If a subset of {1, 2, 3, ..., 100} can at most have 10 members, the one with the highest sum is:
{91, 92, ..., 100}, with the sum being: (91+100)x5 = 955
So the possible sums for any subset 10 or smaller are: 1 thru 955
Fact: a set of size n, can have (2^n - 1 - n) subsets of size 2 or more. For example:
{a, b, c} can have 2^3 - 1 - 3 = 4 subsets of size 2 or more, namely:
{a,b}, {b,c}, {a,c}, {a,b,c}
So a set of size 10 can have 2^10 - 1 - 10 = 1013 subsets. Because 1013>955, therefore, at least two of these subsets must have the same sum.
(this will be confirmed by any کفترباز who has 1013 pigeons but only 955 pigeon holes
in the evening he will have a hole with more than one pigeon in it.)

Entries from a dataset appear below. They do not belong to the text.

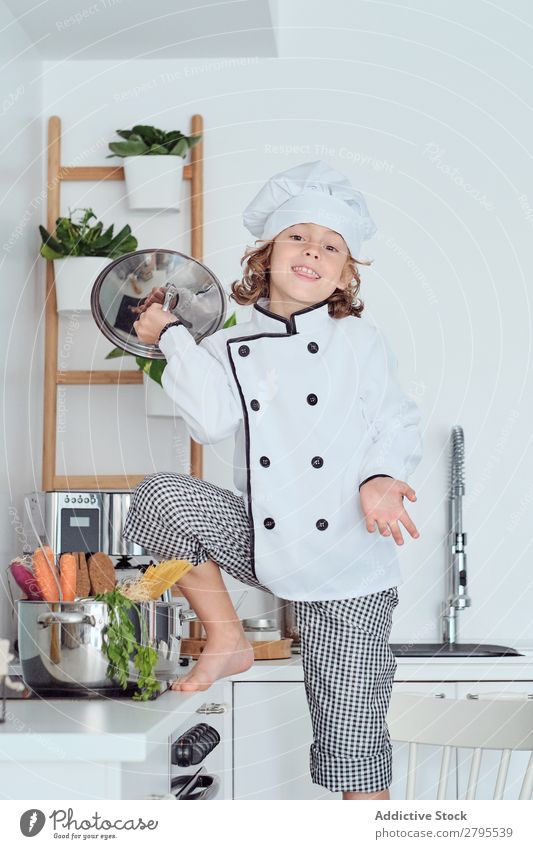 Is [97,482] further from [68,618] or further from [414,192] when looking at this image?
[68,618]

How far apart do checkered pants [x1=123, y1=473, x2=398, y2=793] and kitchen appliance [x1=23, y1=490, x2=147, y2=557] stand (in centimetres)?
54

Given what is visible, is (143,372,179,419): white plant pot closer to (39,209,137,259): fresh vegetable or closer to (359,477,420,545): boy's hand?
(39,209,137,259): fresh vegetable

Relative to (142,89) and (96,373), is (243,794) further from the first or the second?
(142,89)

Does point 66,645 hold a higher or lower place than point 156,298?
lower

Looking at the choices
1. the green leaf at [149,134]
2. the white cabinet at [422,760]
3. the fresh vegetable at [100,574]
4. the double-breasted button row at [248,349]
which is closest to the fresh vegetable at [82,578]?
the fresh vegetable at [100,574]

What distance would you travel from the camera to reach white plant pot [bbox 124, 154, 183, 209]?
2.04m

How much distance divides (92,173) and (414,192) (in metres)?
0.67

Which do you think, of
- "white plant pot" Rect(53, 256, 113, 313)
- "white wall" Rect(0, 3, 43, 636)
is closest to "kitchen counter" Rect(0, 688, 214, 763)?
"white wall" Rect(0, 3, 43, 636)

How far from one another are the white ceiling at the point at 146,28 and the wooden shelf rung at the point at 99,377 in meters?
0.67

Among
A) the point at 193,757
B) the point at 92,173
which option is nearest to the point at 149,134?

Finally, if two subsets have the same sum but they are not disjoint, you can always remove the common elements and they will still have the same sum,
for example:
{1, 5, 35 } and { 3, 5, 33} have the same sum, 41, but they are not disjoint, we can remove the common element(s), in this example 5, and they will still have the same sum:
{1, 35} and {3, 33}
QED